Thursday, March 8, 2007

A Cultural Studies-Critical Pedagogy Tag Team

To be honest, Lindquist’s article was probably the most challenging of all for me—mostly because I found the first 13+ pages problematic at best (and unnecessary and irrelevant, at worst) and because—probably due to my own poor understanding of her analysis—it appeared to me that she missing the big picture when it came to cultural studies and its possible use within a critical pedagogy.

Muksian-Schutt seemingly validates a cultural studies approach, and her engagement of it is refreshing. She recalls how when examining Pat Bizzell's model of contact zones, she was "intrigued by the use of multiple forms of 'text' as a way to help students access their positions" and that "It seemed only logical that since art forms such as musical lyrics impact students, using these art forms in an argument class might provide students with the tools to study and express their positions and perhaps even to understand their positions better, 340). Muksian-Schutt uses lyrics from The Boss’ “Nebraska” in her piece, and I’ll use a few lines from arguably one of the best lyricists of all time, Jarvis Cocker, frontman for arguably one of the most underrated bands of all time, Pulp, to vent my frustration here. Pulp’s biggest hit (#2 on the UK charts) was a song called “Common People” (William Shatner does a cover of it for his album _Has-Been_, for those playing at home).

The song’s persona meets a fellow art student at university; she comes from a wealthy family but she “wants to live like common people"--she finds glamour in poverty (this is sometimes referred to as “class tourism”). The chorus of the song is:

“Rent a flat above a shop
Cut your hair and get a job
Smoke some fags and play some pool
Pretend you never went to school
But still you'll never get it right
`cos when you're laid in bed at night
Watching roaches climb the wall
If you called your dad he could stop it all (yeah)

You'll never live like common people
You'll never do whatever common people do
You'll never fail like common people
You'll never watch your life slide out of view

And then dance, and drink, and screw
Because there's nothing else to do”

Did anyone else get the impression that this was the kind of life that Lindquist led as a *grad student*, tending bar at a *restaurant* in a *suburb* of Chicago? She sets herself up as being from the area and identifies herself as “working class”--and this “authenticity” is crucial for her, in a way, until 15 pages later when she pulls the rug out from under herself and admits it’s “bullshit." I wouldn't care either way, really, except that the tone she strikes toward the "working class" throughout the piece--one I would refer to as mildly disdainful--belies both her self-representaion (even if *some* of the "regulars" picked fights--and it seemed to me like it was more like teasing) *and* her conclusions.

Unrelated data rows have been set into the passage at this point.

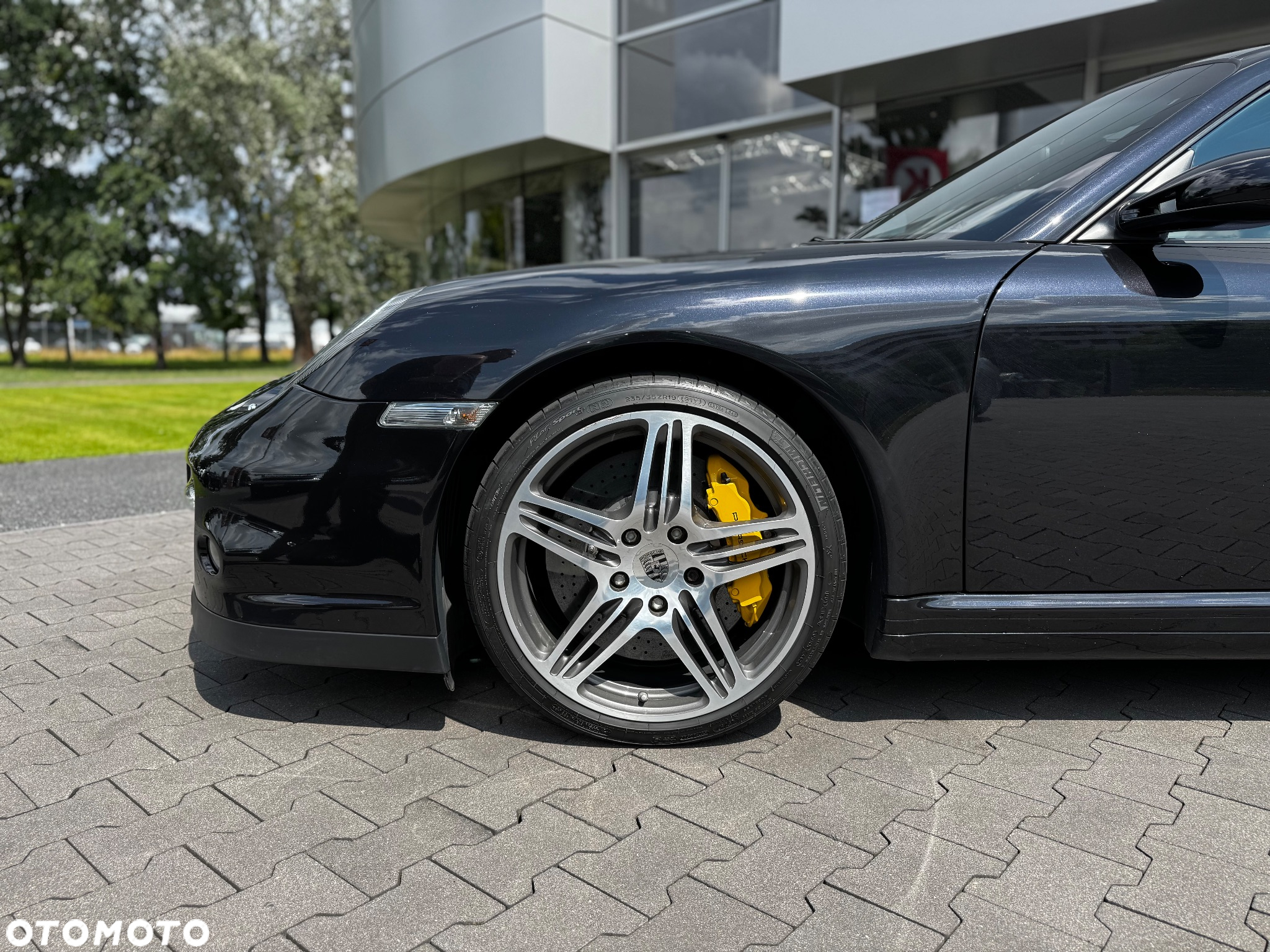 Porsche 911 - 12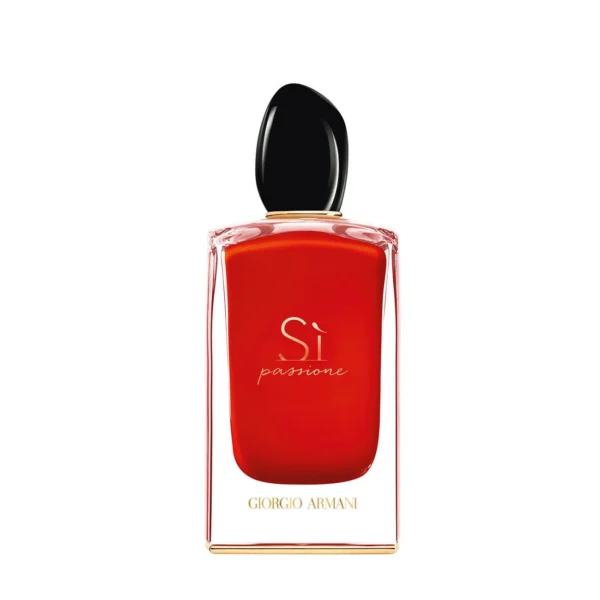 Sì Passione - Eau de Parfum
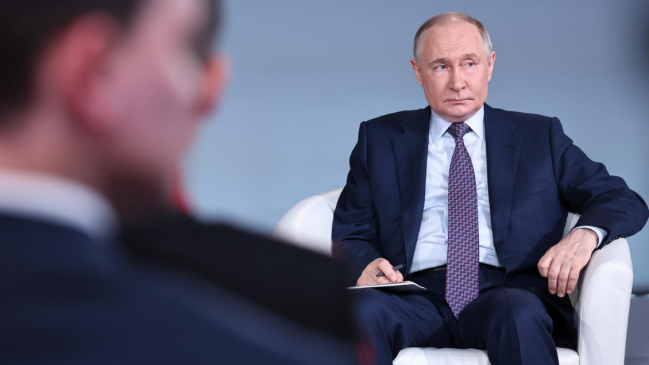 Moscú busca negociar con Kiev antes de acordar nuevas treguas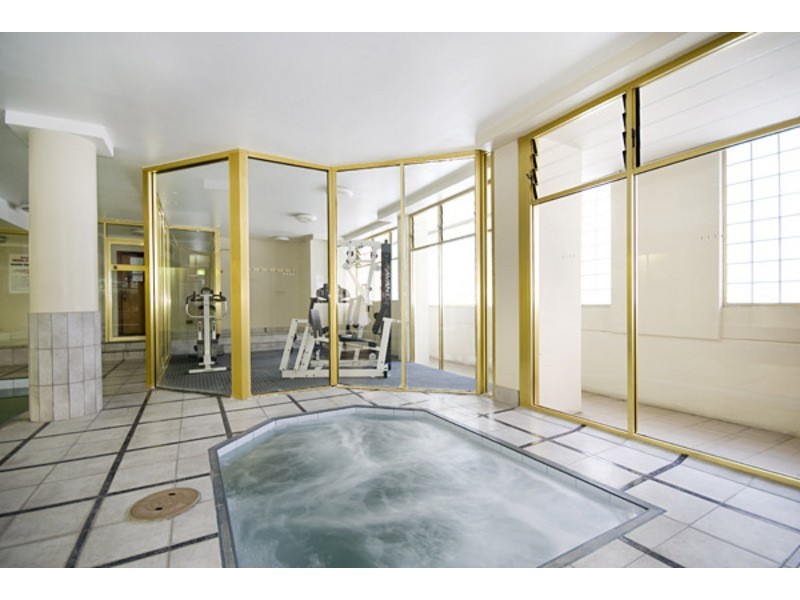 27/134-150 Bulwara Road, Pyrmont NSW 2009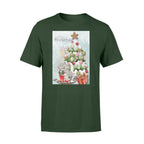 christmas-t-shirt-koala-t-shirt-merry-christmas-mate-unisex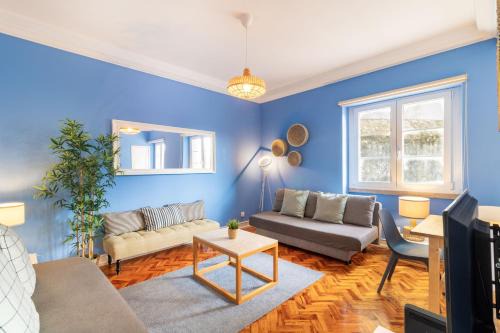 Sao Jose Apartment | Telhal by Central Hill Apartments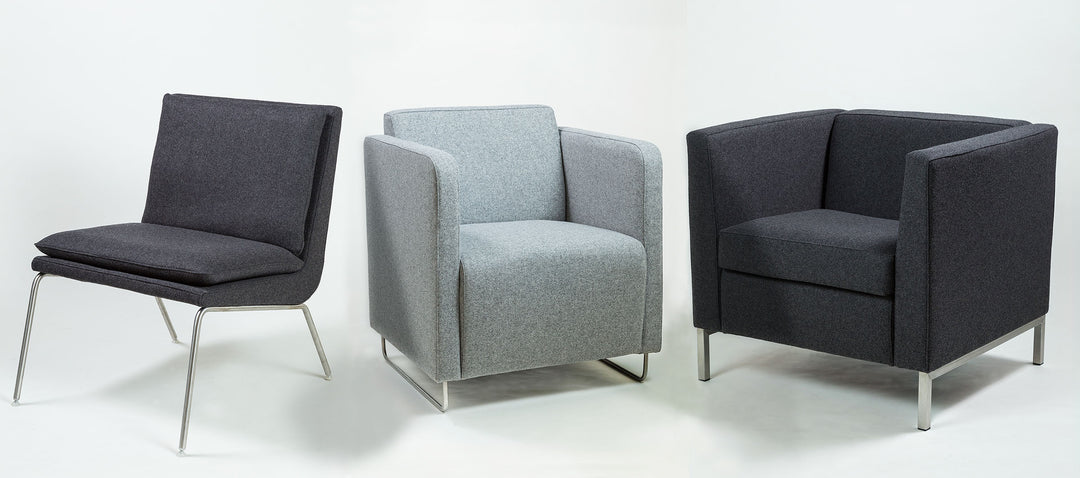 Thompson Lounge Chair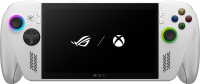Asus ROG Xbox Ally draagbare console, 16 GB RAM, 512 GB opslag, wit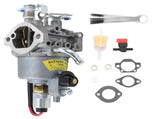 Lawn Mower Carburetor Kit Replacement for 1460785 A042P619 1460803 4000 Watt 4KYFA26100 V1294-YM0901-3111240064411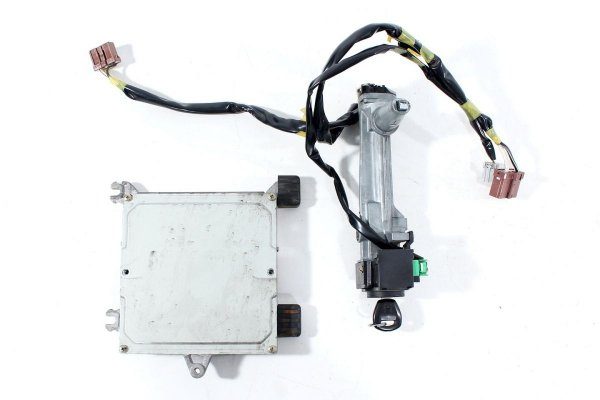_Komputer stacyjka immo Honda CR-V 1996-2001 2.0i 16V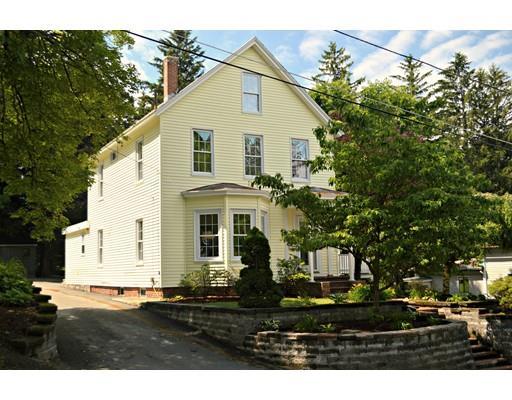 24 Sawtelle Rd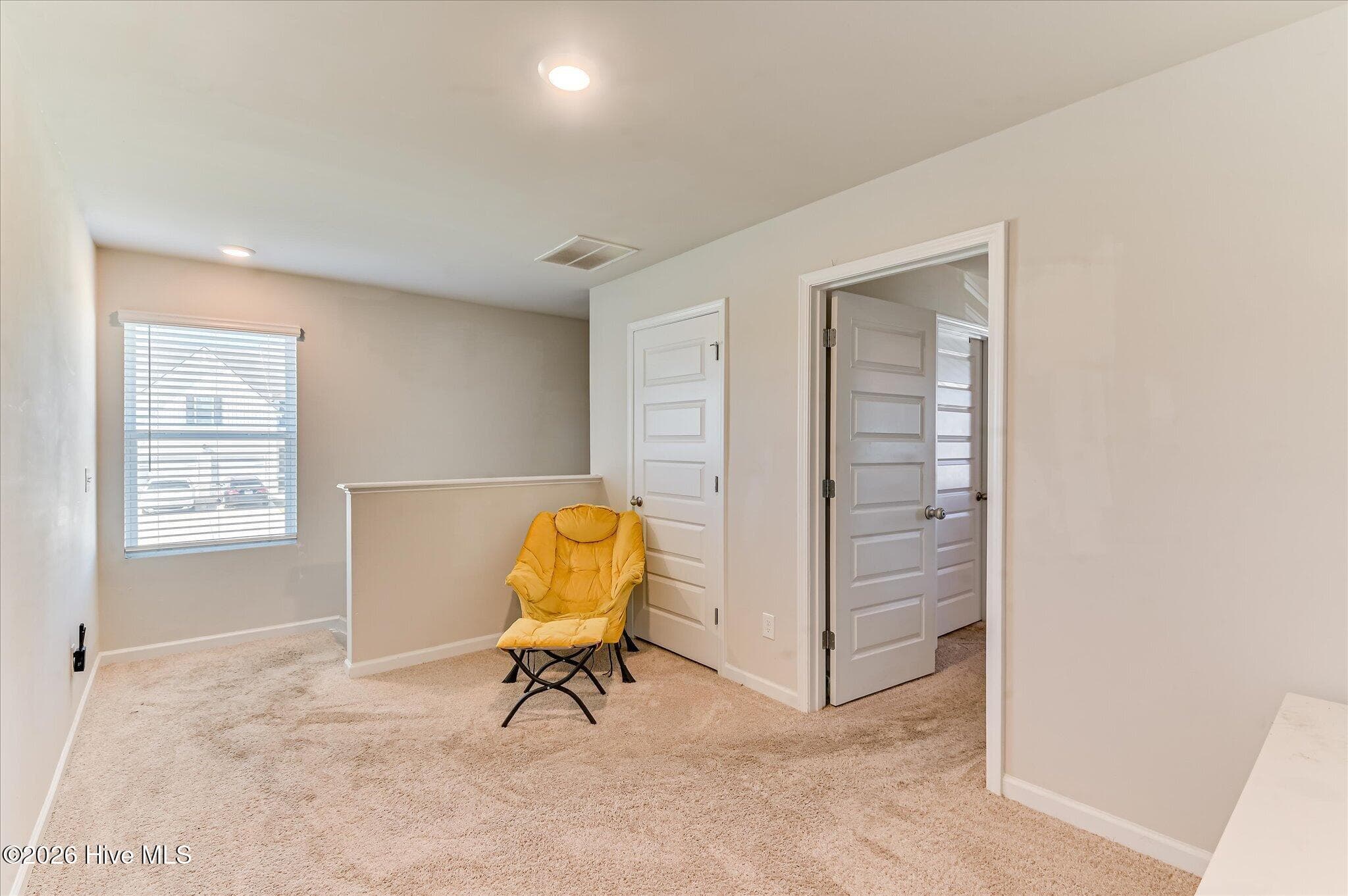 Upstairs Loft - 956 Hay Meadow Drive, Augusta, GA 30909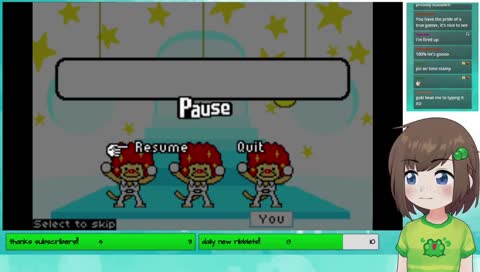 lily learns to count [vtuber] [EN]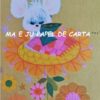 BICHINHO MOUSE FOLHA DECORADA SCRAPBOOKING IMPORTADA = BI671 - Image 2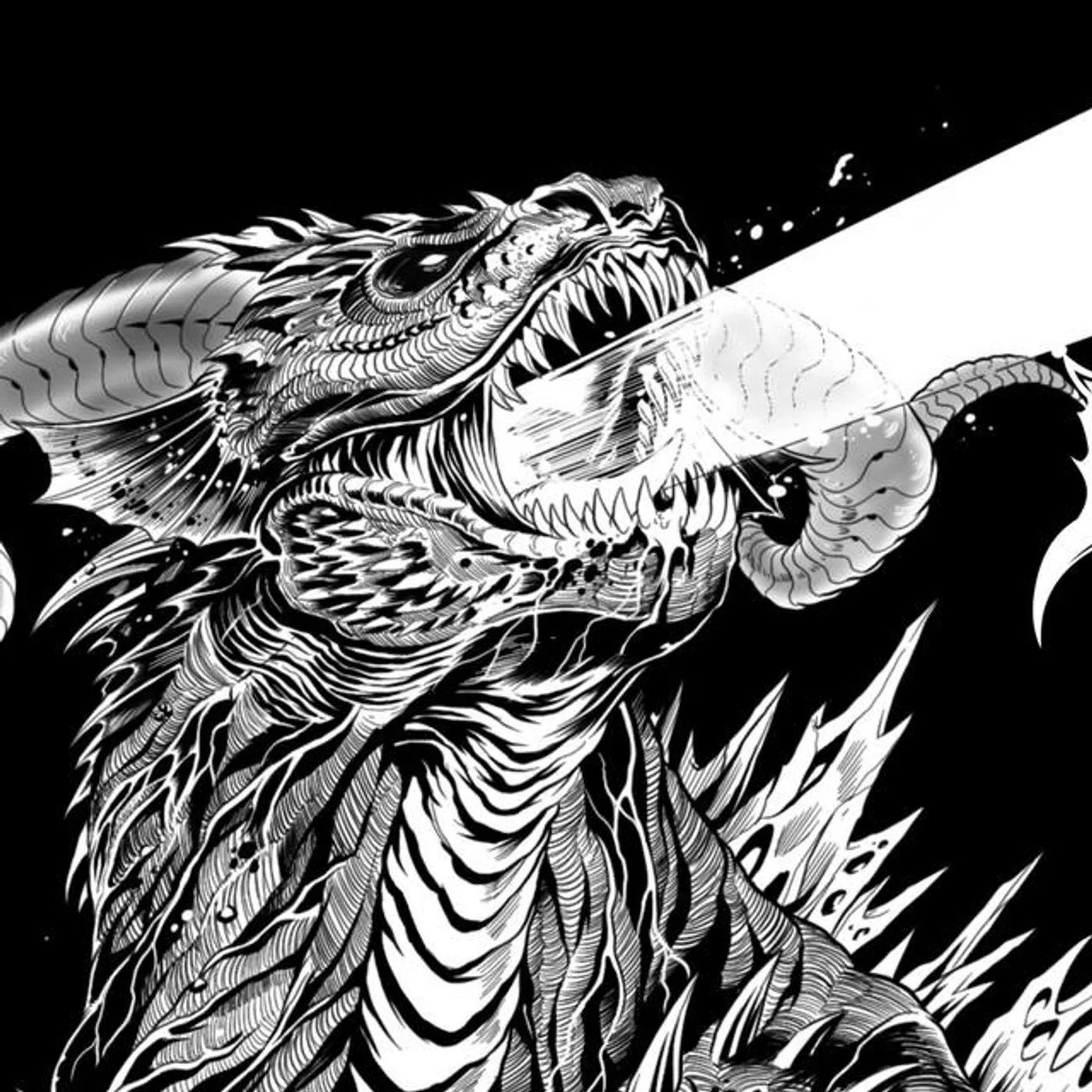 Oxygen Destroyer Brand Page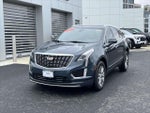 2021 Cadillac XT5 AWD Premium Luxury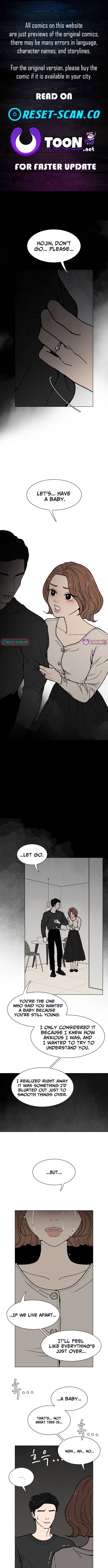 The Spring of Thirty – Chapter 7 – Page 1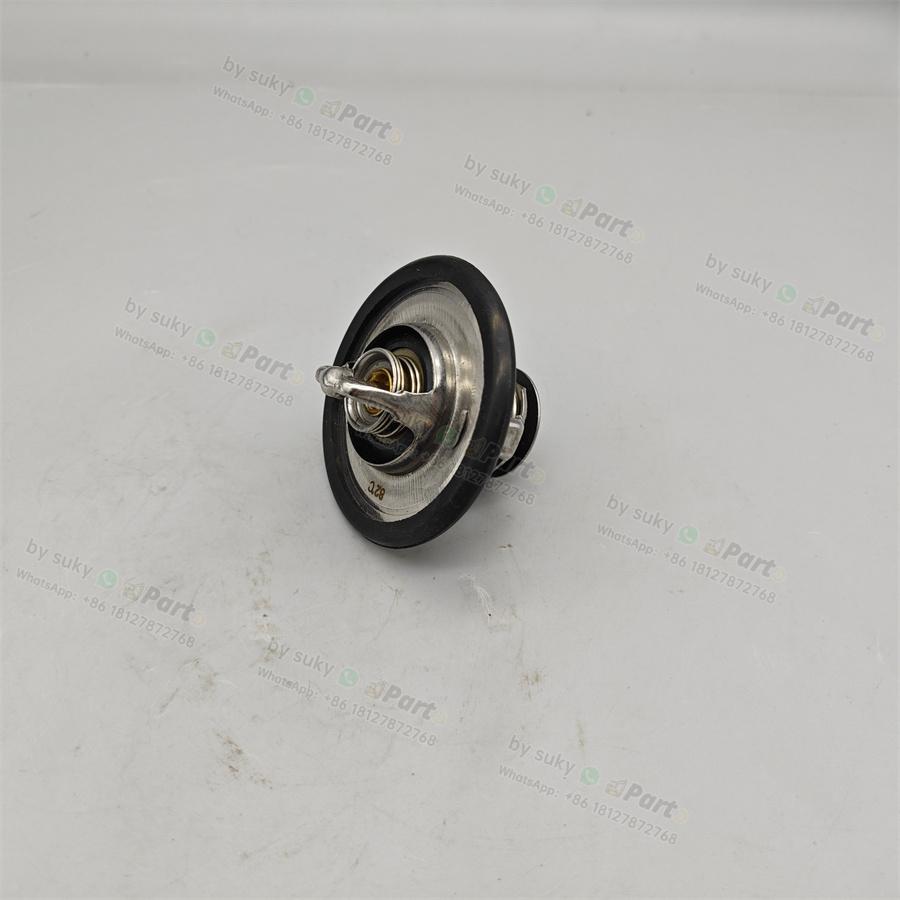 6735-61-6471 Thermostat for Komatsu 6D102 PC200-6 PC200-7 PC220-6 6735-61-6471 Thermostat for Komatsu 6D102 PC200-6 PC200-7 PC220-6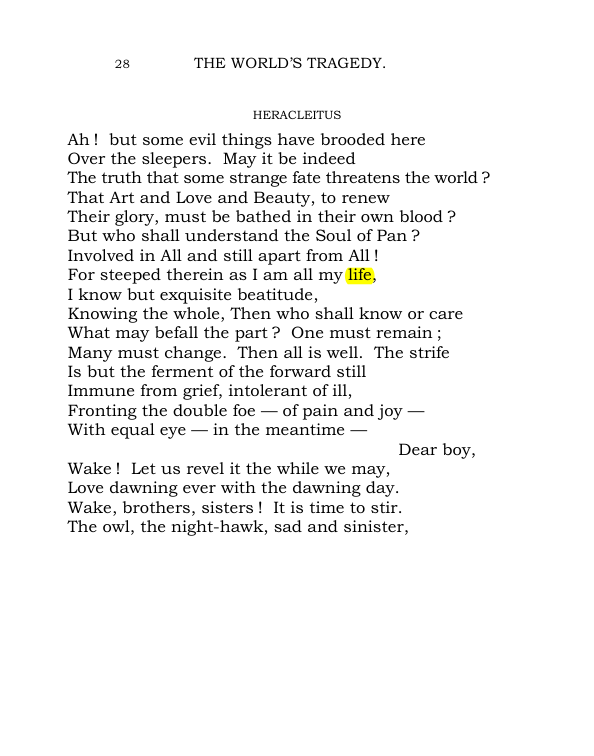 Original scan of The World’s Tragedy, PDF page 81
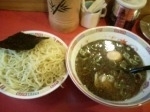 「つけ麺」@味の助六の写真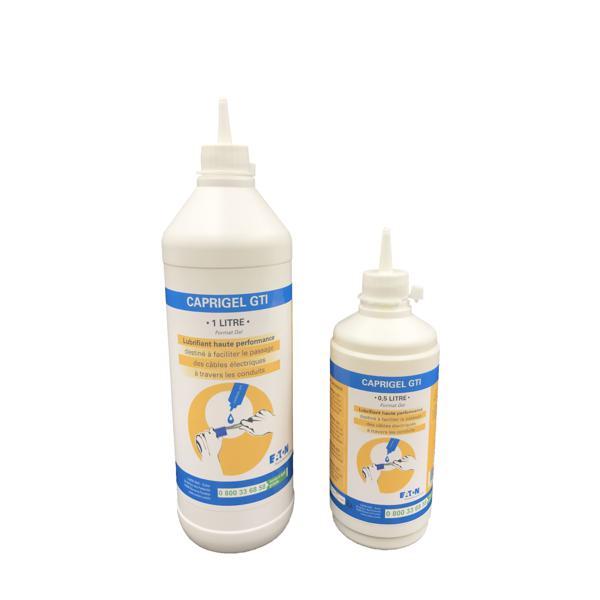 Lubrifiant Caprigel GTI 0,5L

But first, the set-up. On page 170 she says, “As a teenager growing up in a blue-collar neighborhood, I experienced bars as an important rite of passage from childhood to adulthood—one that has a functional parallel, I would venture, the passage undertaken by young middle-class adults first going ‘away’ to college. My experience, while perhaps not universal, is far from unique.”

She’s right—her experience was neither universal nor unique. I had a very similar experience, myself—minus the great bartending gig at a restaurant in a suburb of one of the wealthiest cities in the country. I’m a first generation college student. I came up in a pretty much all-black neighborhood (did any one else notice that Lindquist’s “working class” seems to be all white? I mean, she comes out and says it at a couple of points--but usually she just uses "working class," unqualified). My moms were both factory workers. They frequented a bar, pretty much nightly—and so I often frequented that bar when I was younger (a real dump--no restaurant attached) a few nights during any given week—but not to tend bar, just to have a place that was relatively warm and well-lit enough for me to read and do my homework. I think I have a pretty good idea of what constitutes any approximation of a “working class” in the U.S. (a problematic formulation, by Lindquist’s own admission). I gotta say—I don’t think she’s representing it. It’s way too multifaceted, too complex, for any one to speak of accurately using the homogenizing, reductionist language that she does. Class in this country is bound up with issues of race, gender, political affiliation, regional identity (urban vs. rural), industry, and so on. To gloss over these differences is to miss a big part of the conversation, and the problem is that her whole piece basically rests on this construction (even though she claims several times that she knows there is no such thing). At other moments, she seems to concede that what she's really talking about is what I'd be more apt to refer to as political affiliation and cultural identity (that's different than class). She talks about these students' "apparent political conservatism" (184) and the piece is peppered with references to "red necks," even if she puts the words in other speakers' mouths.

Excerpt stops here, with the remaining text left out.